In the records that follow, find the line with "Jodifl Faux Leather"; from there, retype every line exactly through the line with "King of grill", which also belongs to the answer.
(Dataset records begins)
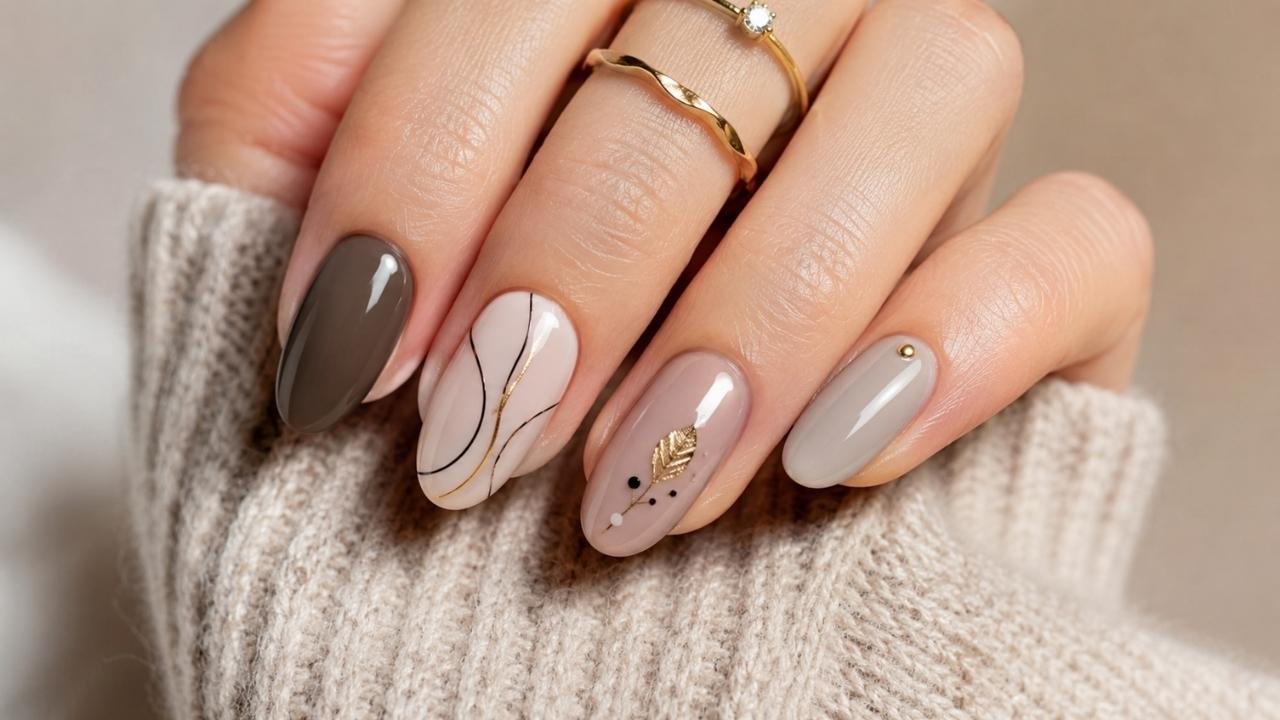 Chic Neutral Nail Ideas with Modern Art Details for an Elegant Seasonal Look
(Dataset records ends)
(Dataset records begins)
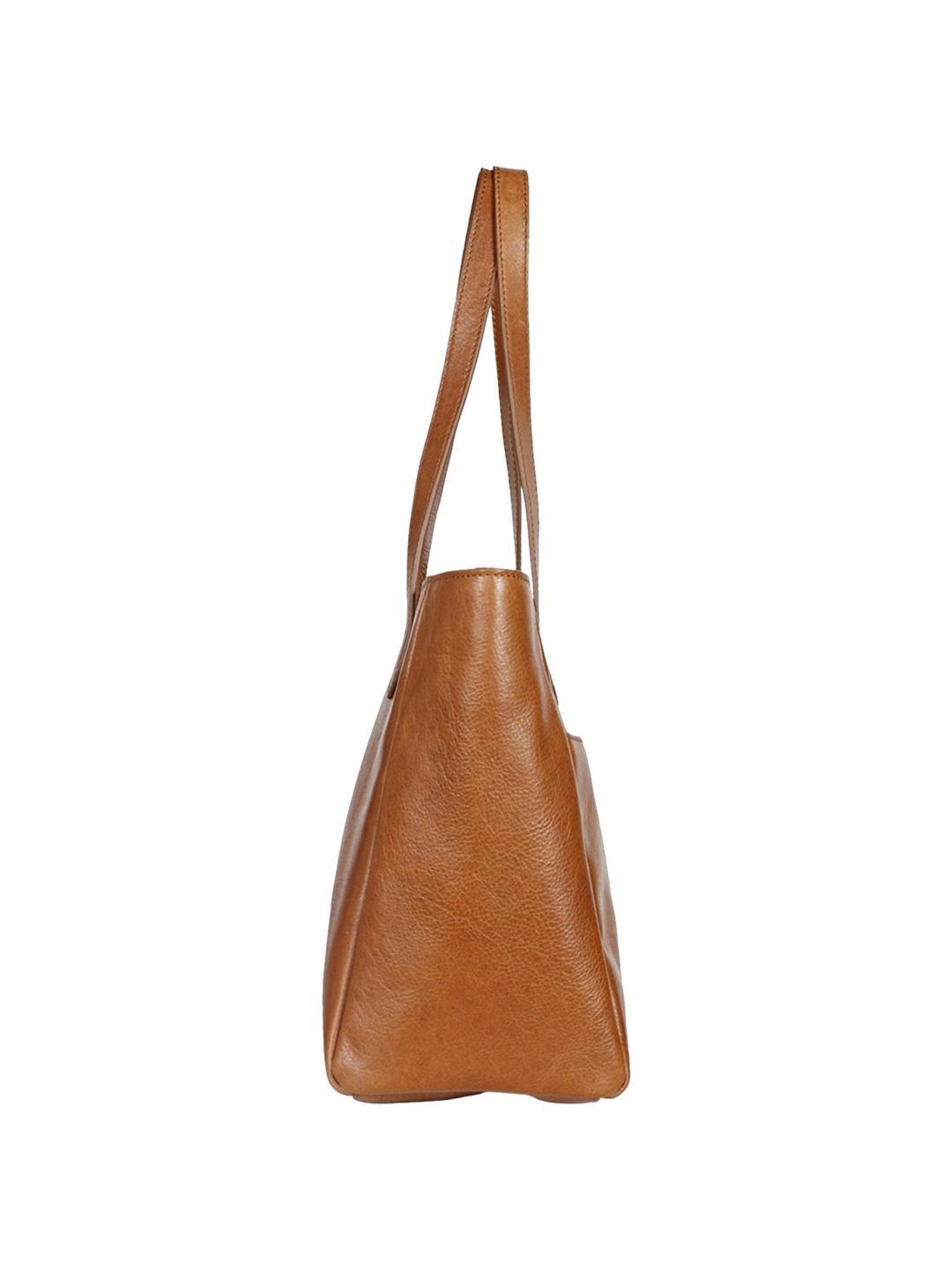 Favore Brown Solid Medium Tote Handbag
(Dataset records ends)
(Dataset records begins)
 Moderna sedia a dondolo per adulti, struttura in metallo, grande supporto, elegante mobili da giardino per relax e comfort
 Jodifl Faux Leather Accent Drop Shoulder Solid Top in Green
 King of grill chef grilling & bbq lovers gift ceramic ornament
(Dataset records ends)
[Expected answer]:
 Jodifl Faux Leather Accent Drop Shoulder Solid Top in Green
 King of grill chef grilling & bbq lovers gift ceramic ornament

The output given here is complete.